To get beyond feeling weary, a person must know why they are feeling that way. I know I often feel weary because of depression. It’s a difficult beast to battle, but if I don’t get the depression under control, I can’t get over feeling weary. If I’m feeling weary because I’m looking for an answer that isn’t coming fast enough, I need to look at why and then change things such as my doctor, or have a very frank discussion with them and let them know how I feel. Perhaps there are reasons I don’t know about and this discussion will allow me to gain insight. If I’m feeling weary because I feel unappreciated, I need to find my voice and let those involved know. It won’t change unless I help them understand. Whatever the reason for a person feeling weary, they have to be the one to initiate the change in their life.

I remember my Grandmother saying she felt weary.

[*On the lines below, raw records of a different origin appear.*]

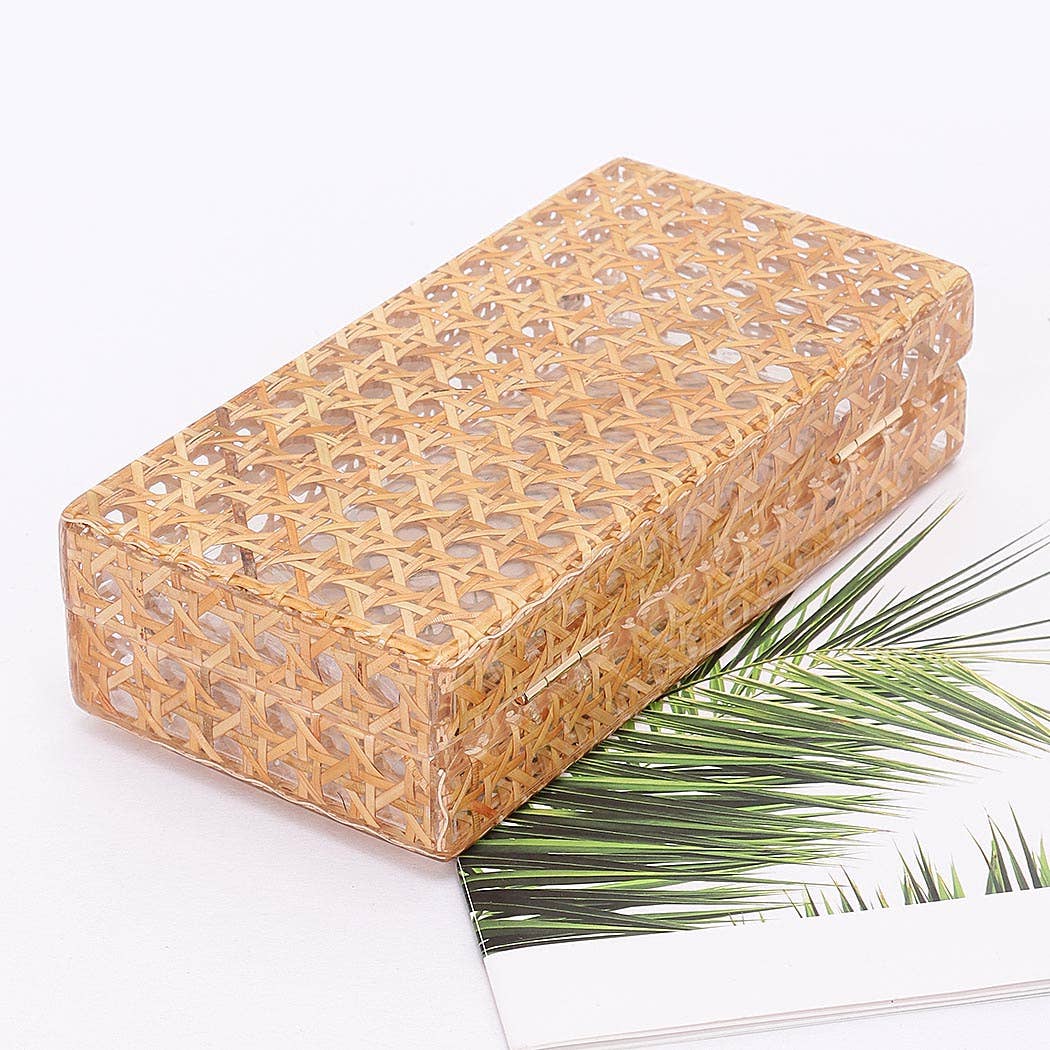 acrylic clutch purse with bamboo motif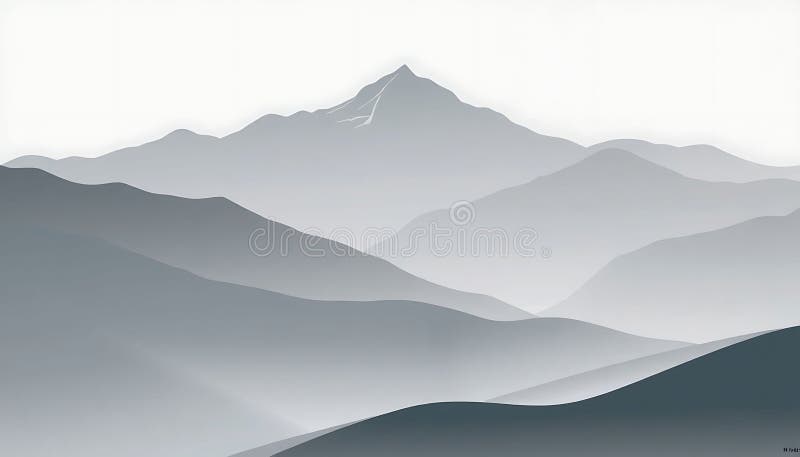 Silueta montană silueta gri-peisaj minimalist în tonuri gri natură vista liniștit vedere Stock Photo Generative AI stock illustration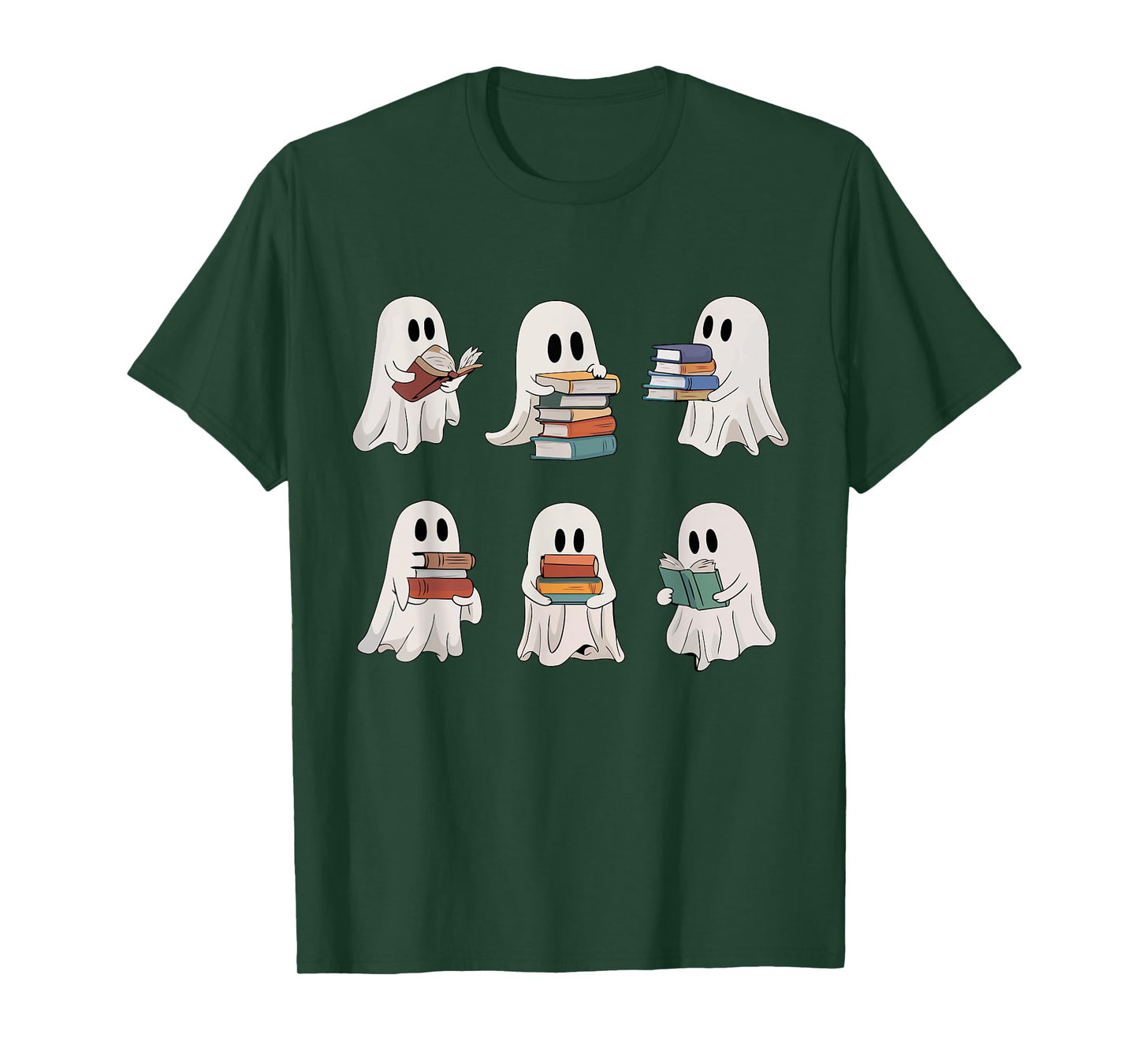 Ghost Reading Books Teacher Halloween Librarian Cute Boook T-Shirt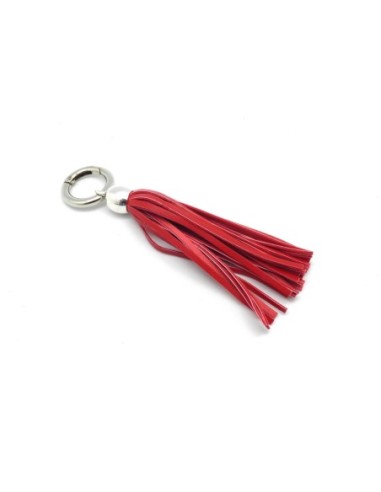 KIT bijoux de sac porte clé pompon simili cuir frange 10cm de couleur rouge vermillon vif et métal argenté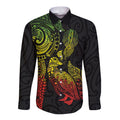 Aotearoa Moko Tribal Tattoo Long Sleeve Button Shirt New Zealand Maori Penguin and Fantail Reggae Style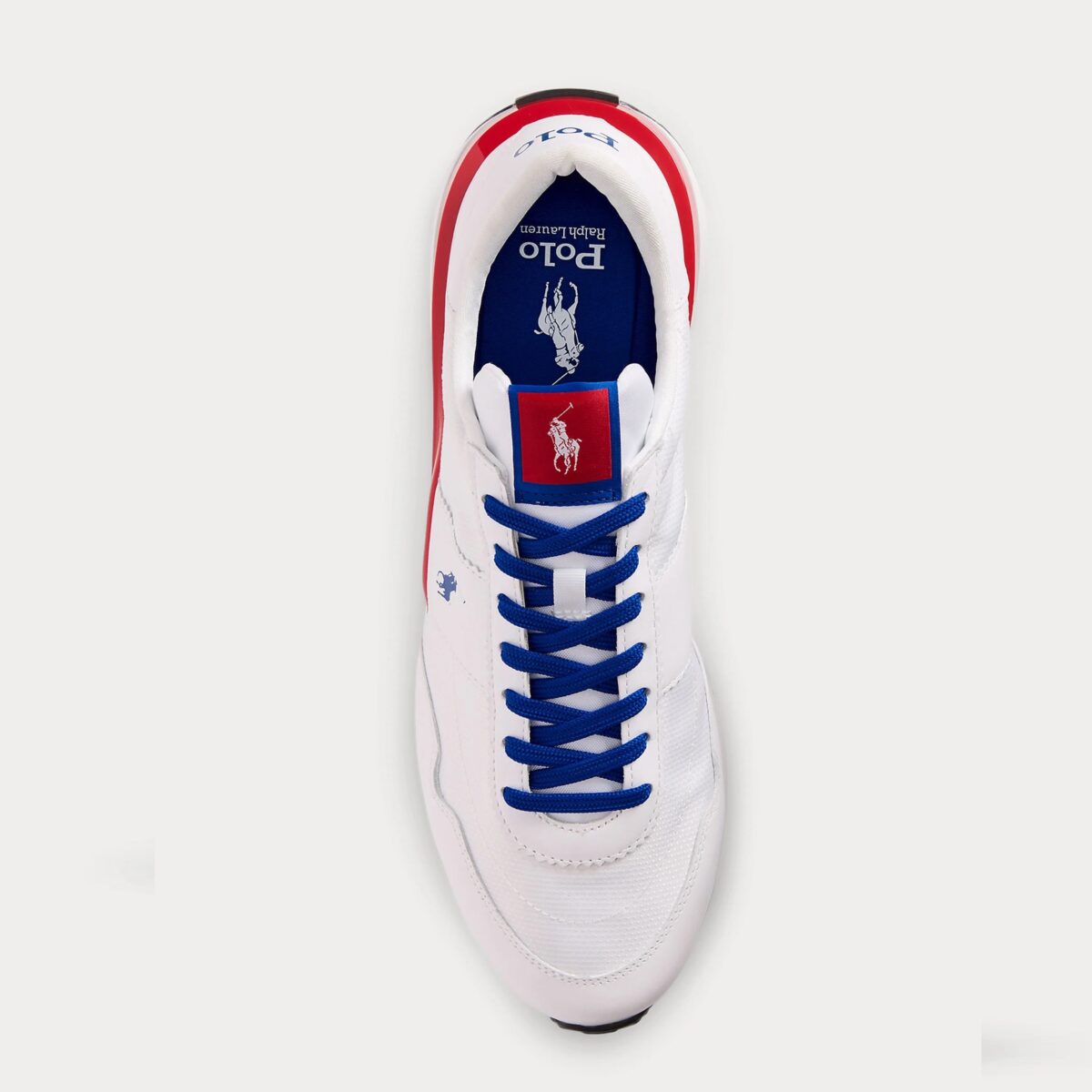 POLO RALPH LAUREN MEN TRAIN 89 SUEDE-PANELLED TRAINER WHITE/SAPPHIRE STAR/RL2000 RED - Image 4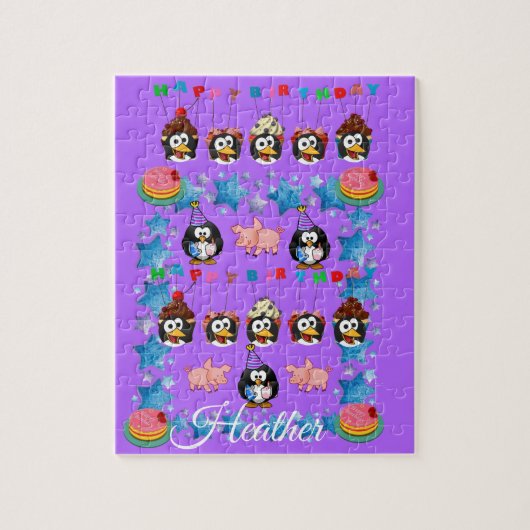 パズルハッピーバースデーペンギンピンクピッグズ ジグソーパズル (縦)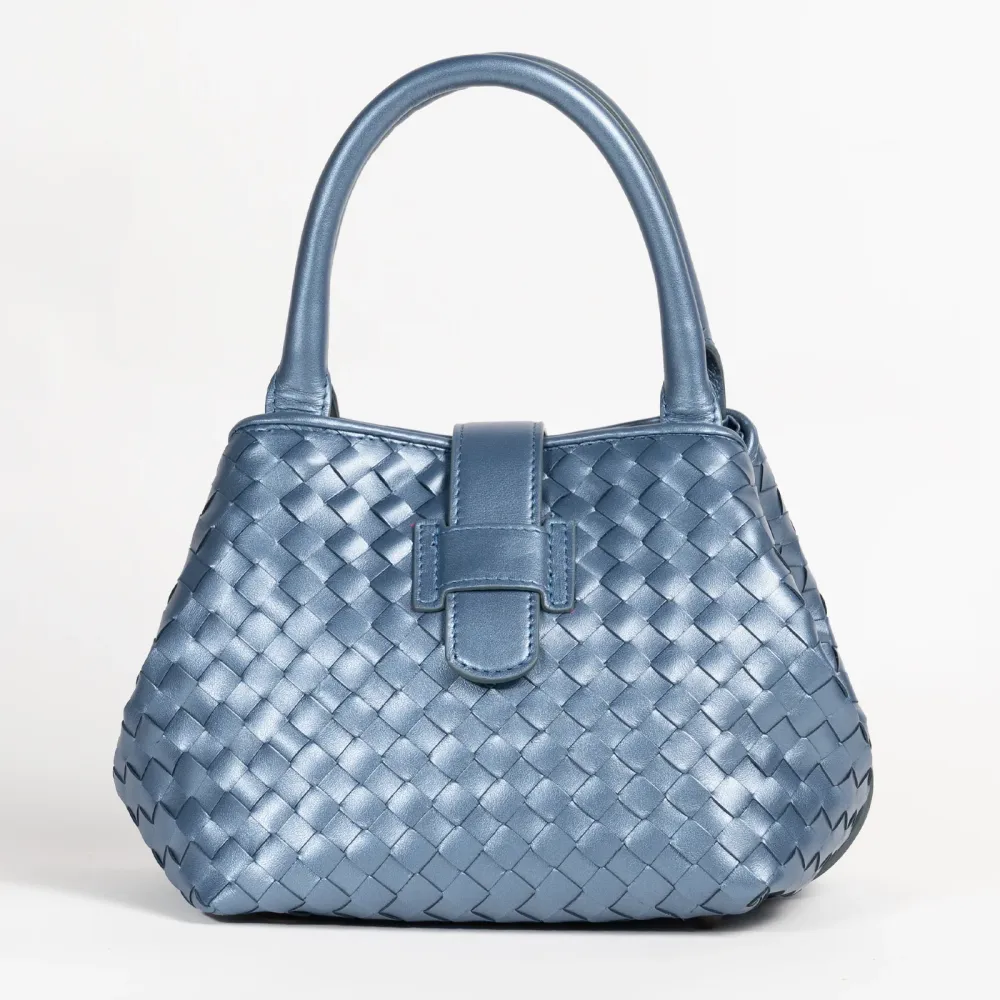 Women's Avio Blue Nappa Perlata Leather Lucia Bag Intreccio Quadro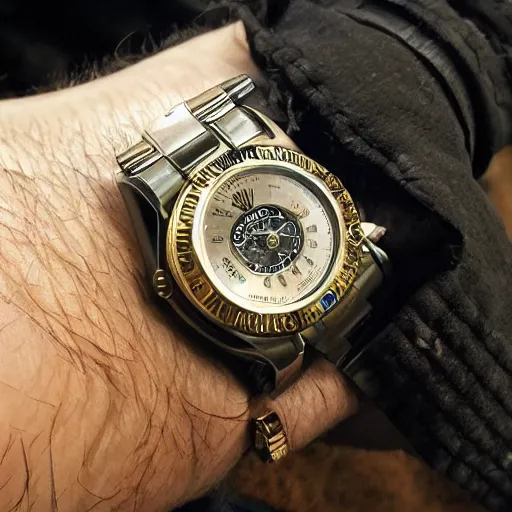 Image similar to full character image of a steampunk rolex on hitlers wrist, sitting on a toilet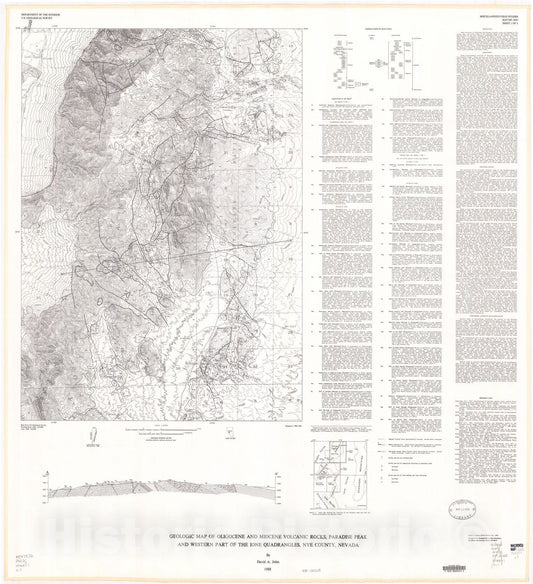 Map : Geologic map of Oligocene and Miocene volcanic rocks, Paradise Peak and western part of the Ione quadrangle, Nye County, Nevada, 1988 Cartography Wall Art :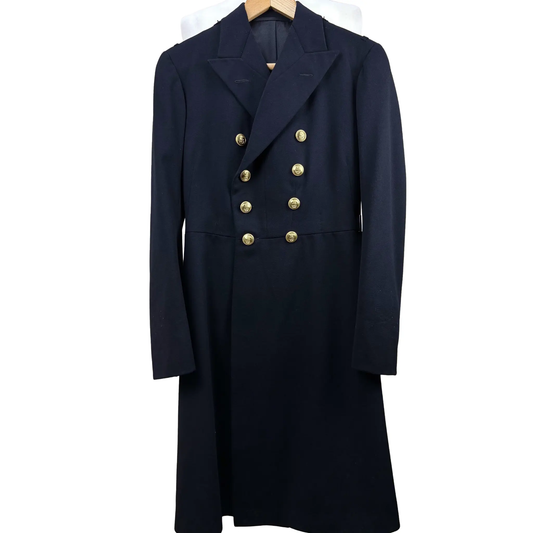 Front-angle view of a 1938-style German naval officer frock coat featuring a double-breasted front, structured lapels and full-length tailored design.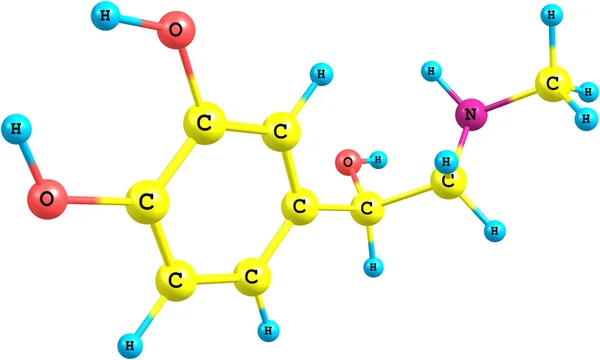 Adrenalin-Molekül auf weißem Hintergrund — Stockfoto
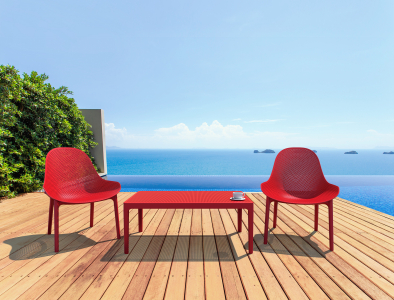 Столик пластиковый журнальный Siesta Contract Sky Lounge Table сталь, пластик красный Фото 7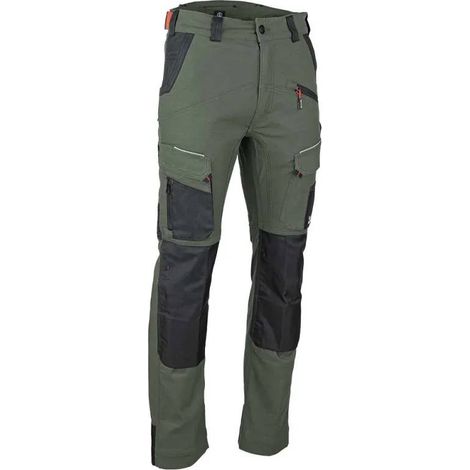 Pantalon stretch taille haute multipoches vert/noir Memory - LMA - Couleur Vert/Noir - Taille Vêtement 48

At the time I thought she meant she was just tired. I understand now it was so much more than that. My Grandfather’s health was precarious and this put much more responsibility on my Grandmother. I’m sure she was weary of that at times.

I expect first responders often feel weary. Surely those who responded to the 9-11 tragedy felt weary. I am sure our soldiers overseas feel weary and want nothing more than to come home and see their families. I’m certain that those fighting terminal illnesses feel weary and often want to give up. I, too, have known weariness as I’m sure most of you have. We feel it at different levels, at different times, and for different reasons. Being weary is beyond being tired, it is something felt deep in the bones all the way to the soul.

I feel weary at times and don’t even know why. It’s not a feeling of being tired nor is it a feeling of being depressed. This feeling goes to my core. The best way I can describe it is being tired of everything, feeling overwhelmed, underappreciated, pulled a million different ways, and seeing no way out. I eventually get over it, sometimes by working my way through it and sometimes by just letting a little time go by. I don’t recommend the last option. In most cases, feeling weary has a reason(s) and the reason(s) need to be addressed or they just surface again at a later date.

Feeling weary isn’t a bad thing. We all feel it from time to time. If we know why we feel weary we are able to address it, if it needs addressing. That is an individual choice. I know that in some cases, for me anyway, the weariness won’t go away until I take action in that direction. In other cases, time is what will make the difference. The problem for me is in knowing when to act and when to let time take care of my weariness.